Blood, gouges and drawbores

Started off the day with the noisier tasks to get them out of the way…

There’s not a lot of art here. Rive the stick to about the diameter you want, pound it through the hole with the big hammer several times, move on to smaller hole until desired size reached, sharpen slightly, continue on. And it’s noisy, so ear defenders. But, keep going and you finally have all you need minus one (because the universe hates you, there will always be a need for one more than you have).

Then on to finishing off the carving.

It’s a fairly simple design on the bottom. Mark off every inch on the two reeds I cut yesterday.

Then chop down vertically with the gouge (whose profile matches the reed pretty closely) on each spot on one reed.

Then flip the piece and chop down at each spot on the other reed, only offset a little (judge this by eye) so it looks like a kindof backwards ‘S’

Now use the gouge to cut down from just behind one gouge chop into the stop-cut created by the next gouge chop over. You’ll be gouging in different directions on the two reeds so it finally looks like this:

The top rail is something similar but with only one row of those motifs, surrounded by the two scratch stock reeds from yesterday. And I threw in a punch into the motif just to be different.

 

The thing about that design on the top going only one way is that you can keep track of which rail is which and have the motifs flow from a single point on the front to a single point on the back. So on the back I just cut away the foreground and stipple the background with a punch:

And on the front I had planned to have a small decorative element:

But it proved too small and fiddly and it lost all its crispness almost immediately so I scratched that idea, and drilled out the spot the central element was in:

And then made another peg from a short piece of sapele:

And glued that in place:

I’ll trim the peg down tomorrow, and I’ll have a blue-collar inlay of sorts on the front:

With that done, I went to cut a rebate on the front and back bottom rails to hide the floorboards from being immediately obvious. Only a quarter inch deep, so they won’t be totally hidden, but I can plane down the edges so they don’t stick out like a sore thumb. And then as I was tightening the thumbscrew on the #778’s fence…

Well.
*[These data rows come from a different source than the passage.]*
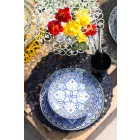 Ethnic Dishes Service in Porcelain and Colored and Modern Stoneware 18 Pieces - Fez Viadurini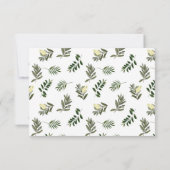 Botanische Elegante Waterverf Moderne Rustieke Bru RSVP Kaartje (Achterkant)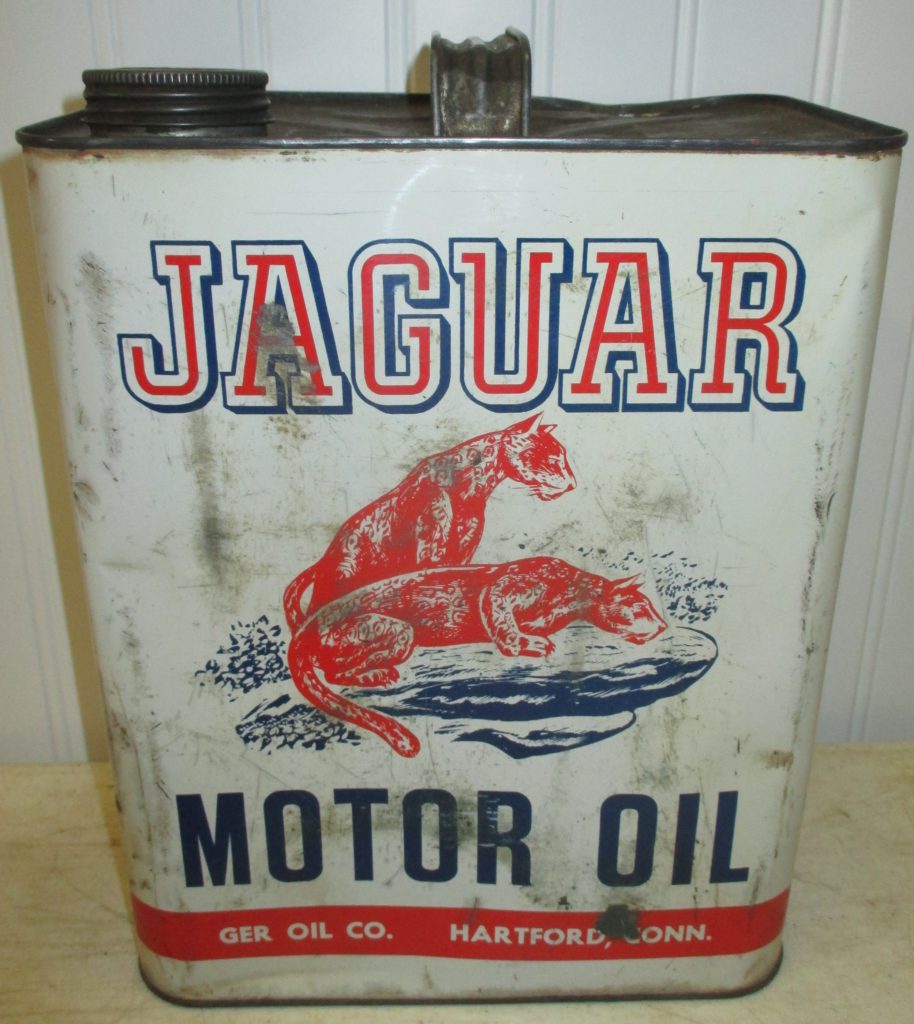 Jaguar Oil Can
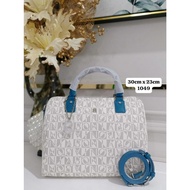 PUTIH Bonia original speedy L mono White Bag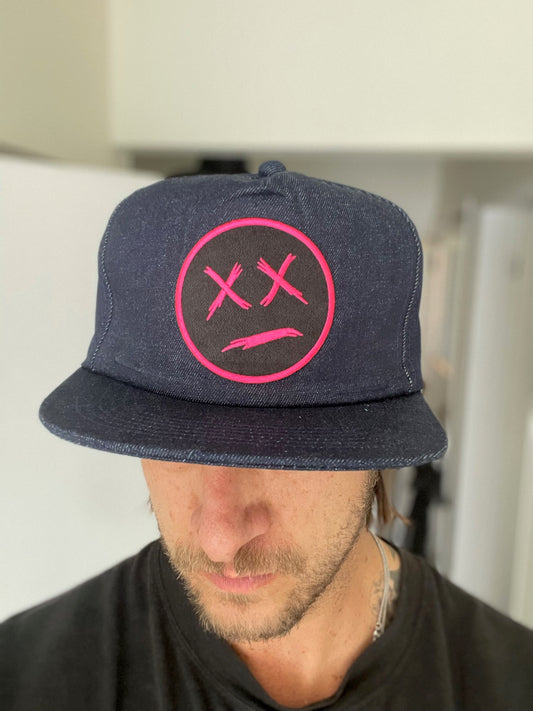 DENIM DEADFACE TRUCKER HAT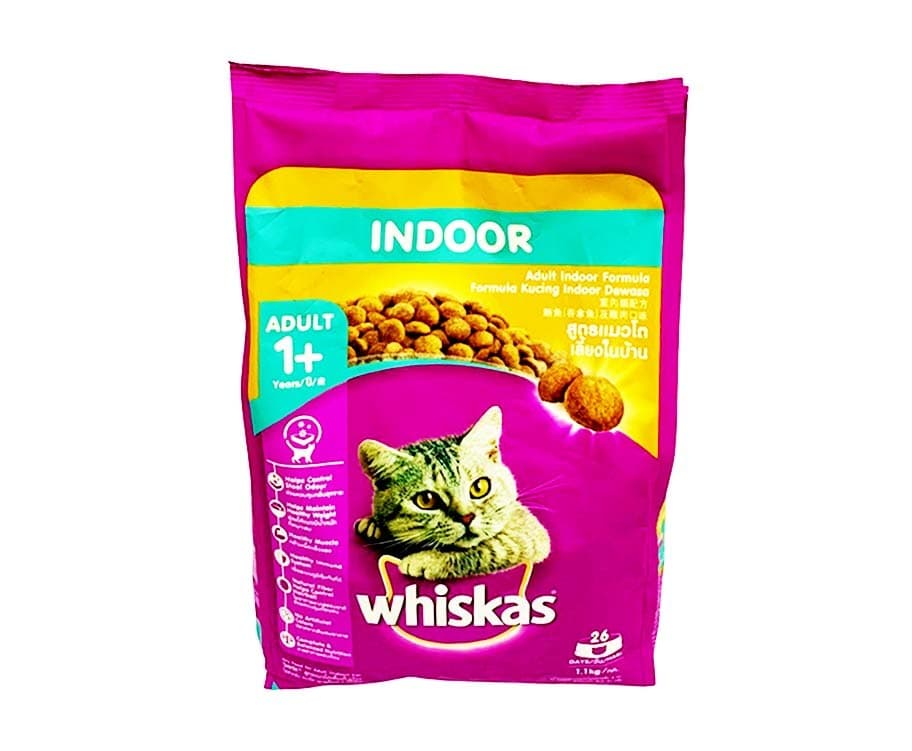 Whiskas Indoor Adult Indoor Formula Adult 1+ Years 1.1kg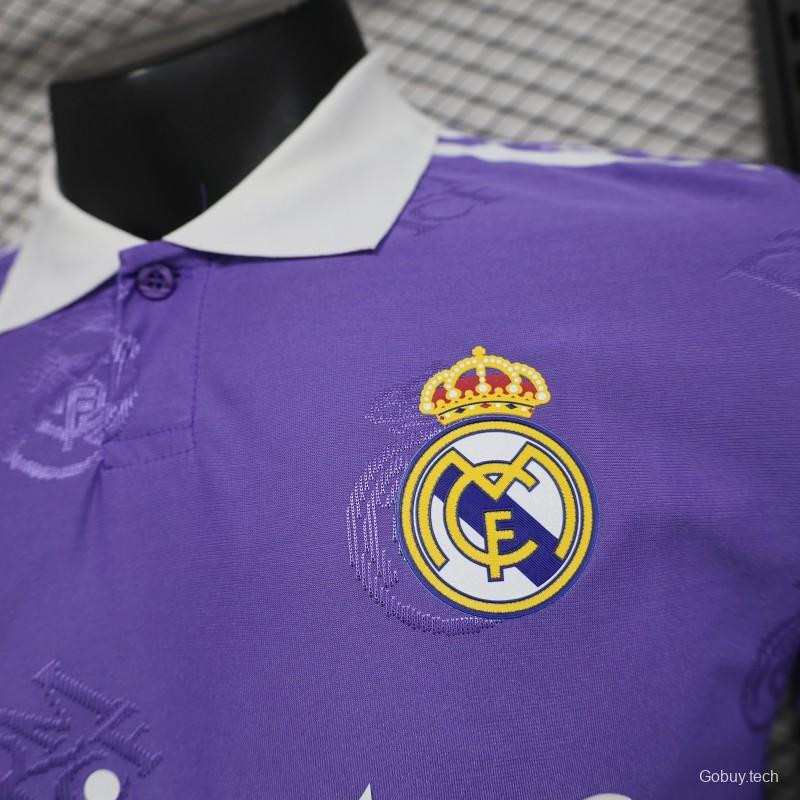 Player Version 24/25 Real Madrid Purple Pre-Match Jersey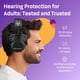 thumbnail image 2 of Protectores auditivos Vanderfields tipo auriculares, reducción de ruido de 20 dB, 2 of 7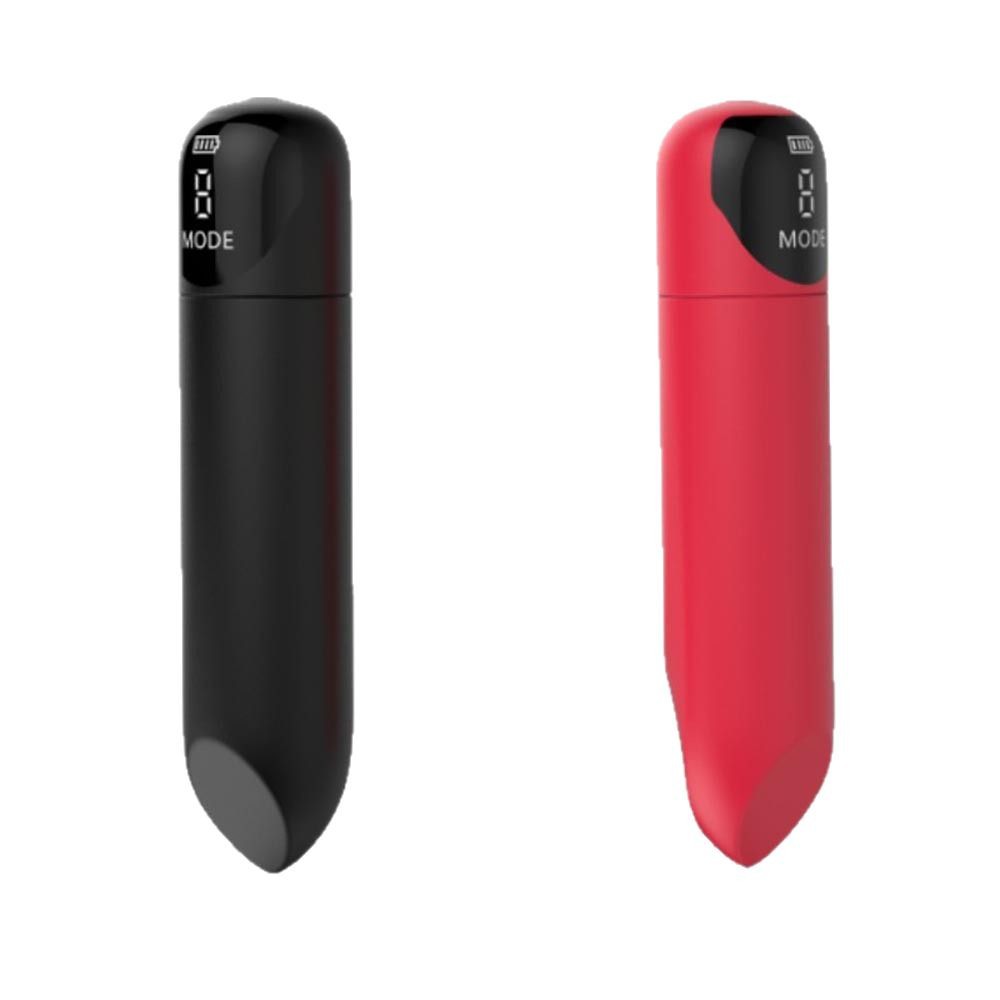 9-frequency Vibration Digital Display Lipstick Jumping Egg Mini Electroplated Bullet Vibrator for Female Adult Toys - Image 4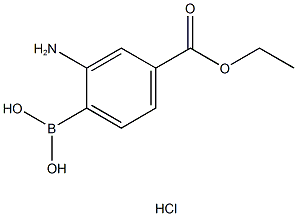 2-amino-4-(ethoxycarbonyl)phenylboronic acid, HCl 구조식 이미지
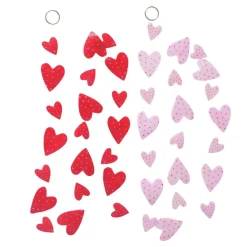 Guirlande de capiz cœurs MILENA
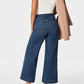 ✨2025 Hot Sale⌛🔥Inventory Clearance! Tummy - Control Cropped Wide - Leg Jeans 🌟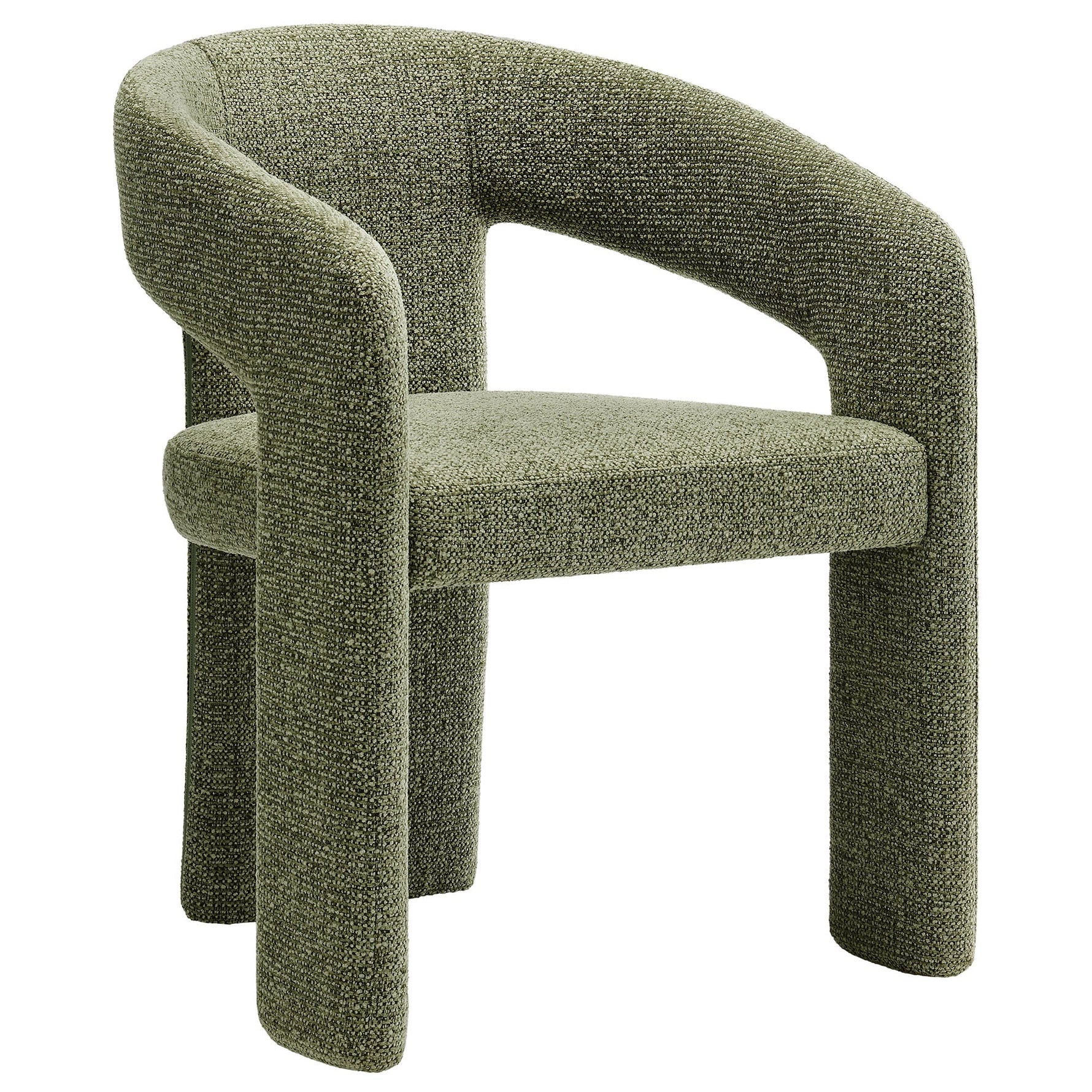 Oslo Barrel Fabric Upholstered Dining Accent Chair by Modway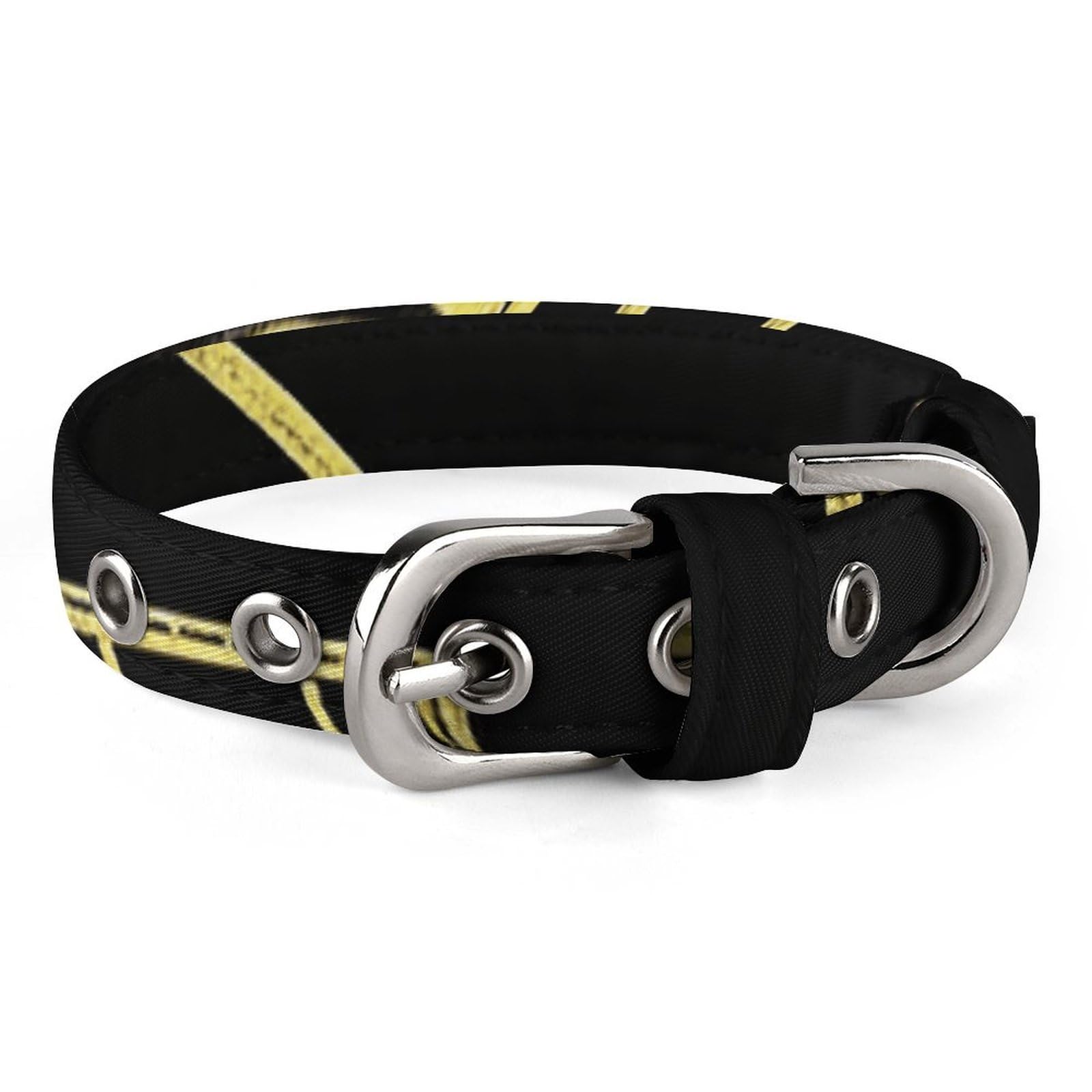 Collier réglable jaune chien chat petite moyenne taille pour la sécurité des animaux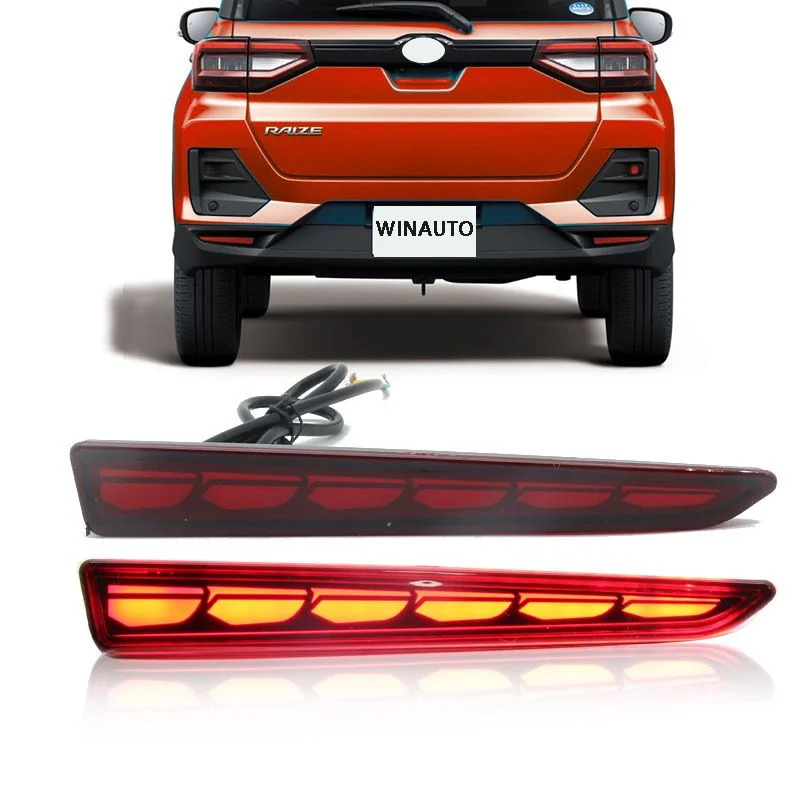 适用于丰田RAIZE后杠灯20-22 3功能红面刹车灯转向灯龙鳞款改装厂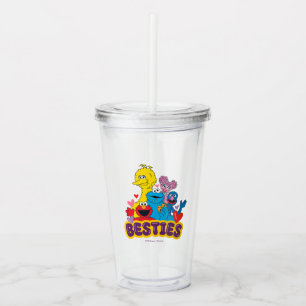 Verre En Acrylique Sesame Street Valentine Besoins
Shite.

A moment of panic and wondering if I could use it without the fence and then I remembered that when I bought the #778, I accidentally bought a second fence and I’d never gotten rid of it…

Sometimes hoarding pays off. A quick swap and I got back to the rebate.

Well, feck. It’s that time again, where am I leaking from now?

Ah, there we go. I blame the 778 and all its sharp bits:

I mean, you start reaching in there to pull out the shavings that are clogging the mouth and….

Feck. This is getting silly now. But I got the rebates cut, so on to the drawboring. I’m doing this with the new hand drill, mainly to see how it behaves (answer: like a power drill. Only much more solidly built than my last one).

Everything got done in batches; drill the holes in the mortices, then go through every tenon, seat it, tap the drill bit in to mark the tenon, then bradawl a point a sixteenth (or a millimeter – the distance seems to be the smallest whole unit the person talking about drawboring grew up knowing about) closer to the shoulder, then drill that hole out in the tenon; and repeat.

Last job of the evening was to roughly crosscut the panels oversize, and plane them smooth on both sides. I’ll finish plane them when I have the final dimensions. I won’t be carving them because of time.

Tomorrow I’ll start assembly; when the carcass is together I can cut and install the floorboards and start working on the lid…

TDL:

  • Rip out lid frame parts
  • Groove lid frame parts
  • Cut lid frame M&T joints and drill for drawboring
  • Measure out lid panel size
  • Groove lid panel
  • Shape lid panel
  • Cut box tenons and drill M&T joints for drawboring
  • Groove bottom box rails for floorboards
  • Crosscut floorboards to width
  • Plane panels
  • Cut panels to final size
  • Bevel or rebate panel edges to fit grooves in rails
  • Plane away inside corner on stiles
  • Cut edge floorboards to fit around stiles
  • Possibly build face frame for the top of the chest
  • Assembly
  • Hinges
  • Finishing

One thought on “Blood, gouges and drawbores

  • Jan 22, 2018 at 1103
    Permalink

    If I’m not bleeding I’m not working, I just call it signing my work.